By the time we started the run, the storm had lifted slightly, and we managed to climb a rutted dirt road through dry set stone walls and bleating sheep. The clarity could not last, and before long we caught up with the ceiling. As though directed by some cosmic maestro, the trail exhibited a graceful diminuendo to make way for the 50 meter visibility that was settling in. We looked up into the haze to where a ravine petered to a runnel and back down to where a stone pillar stood as our last landmark before a sea of gray consumed the landscape. We discussed pressing further into the tempest before rationalizing that relative to the amount of exercise we had gotten in the previous week, this really was quite strenuous, and, that “we’re going to die out here.”

Harry sizes up the storm and looks for the trail.
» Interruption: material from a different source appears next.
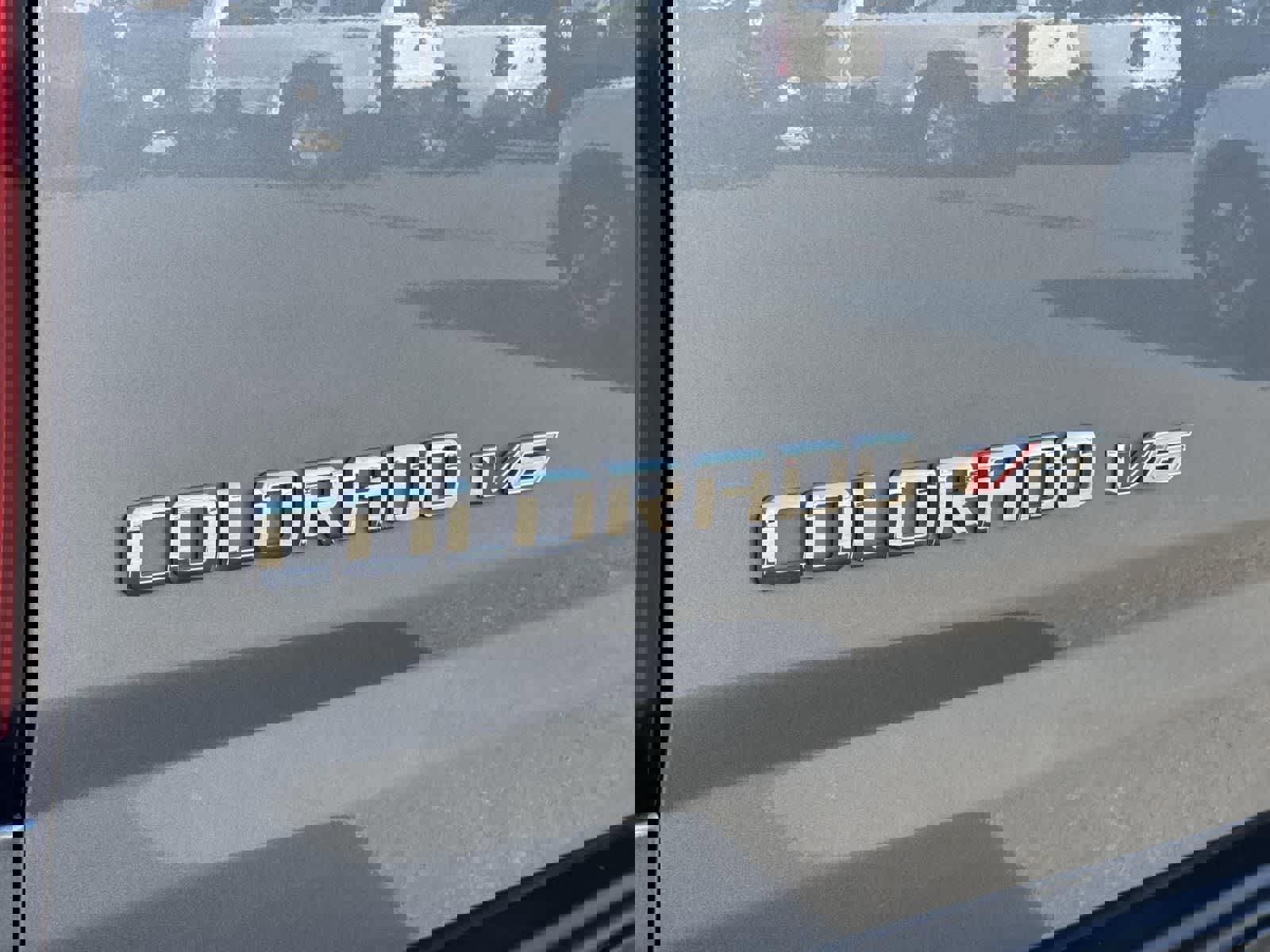 Used 2018 Chevrolet Colorado W/T w/ WT Convenience Package image 11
We retreated to the car (elapsed run time: 13 minutes) before heading out for an out and back on the relative safety of the gravel country road. We accepted partial credit for our run ambitions.
Harry negotiates Drew Creek.

The rain continued on our drive back towards the guest house and as we were weaving through the outskirts of Ballydavid a silhouette emerged on the side of the road and indicated that it would like a ride. Never ones to to leave a stooping old man out in the rain, we slowed down, pulled over, and he crawled into the back seat.

We greeted him and were met with some indecipherable dialect of muddled speech, so addled by age and whiskey that after I posed that he may only speak Gaelic, Harry wondered if he was speaking anything at all. No matter, the man fastened his seat belt and we were off. We had made it only 100 meters before he indicated to us through insistent mumbling and gesticulation that we were going in the wrong direction.

I have not hitchhiked often, but my understanding of the process is that it is uncommon for the rider to inform the driver that he is going in precisely the wrong direction.

But the man seemed quite comfortable, and who were we to throw him back out in the weather? Besides, it was a layover day on the coast and raining. We headed back past where we’d picked him up, and started looking for where he might want to go. He indicated forward, mumbled to himself or his audience, and would  from time to time erupt laughing to some private joke. We continued driving through the narrow, twisting roads of rural Ireland and before long the lanes widened, the houses became more sparse, and we were headed towards the open road. I thought perhaps to Dublin, but Harry seemed to think we were headed more towards Galway.

Harry asked him where he was headed, although at this point we were fairly committed to driving until he indicated that we should stop. “A Laic,” we understood him to say. Harry looked for A Laic on the map, to no avail. “Can you show us where A Laic is?” Harry asked him, holding up the tourist map of the entire island. He responded only with another large grin and two thumbs up. We settled in for the long haul and hoped that we didn’t run out of fuel.

We never made it to Galway or Dublin. We found ourselves before long returning to Dingle by a route more direct than we knew. While it was quite in the opposite direction that we had intended at the time, we expected that it would save us some effort when we headed back in the afternoon. Before our new friend set off on foot into Dingle, we shook hands and snapped a quick photo.

We made it to Dingle!

Just as he turned a corner to disappear I had a revelation. “Best of luck, Alec!” we called to him. He hunched his shoulders more against the storm and turned silently out of sight.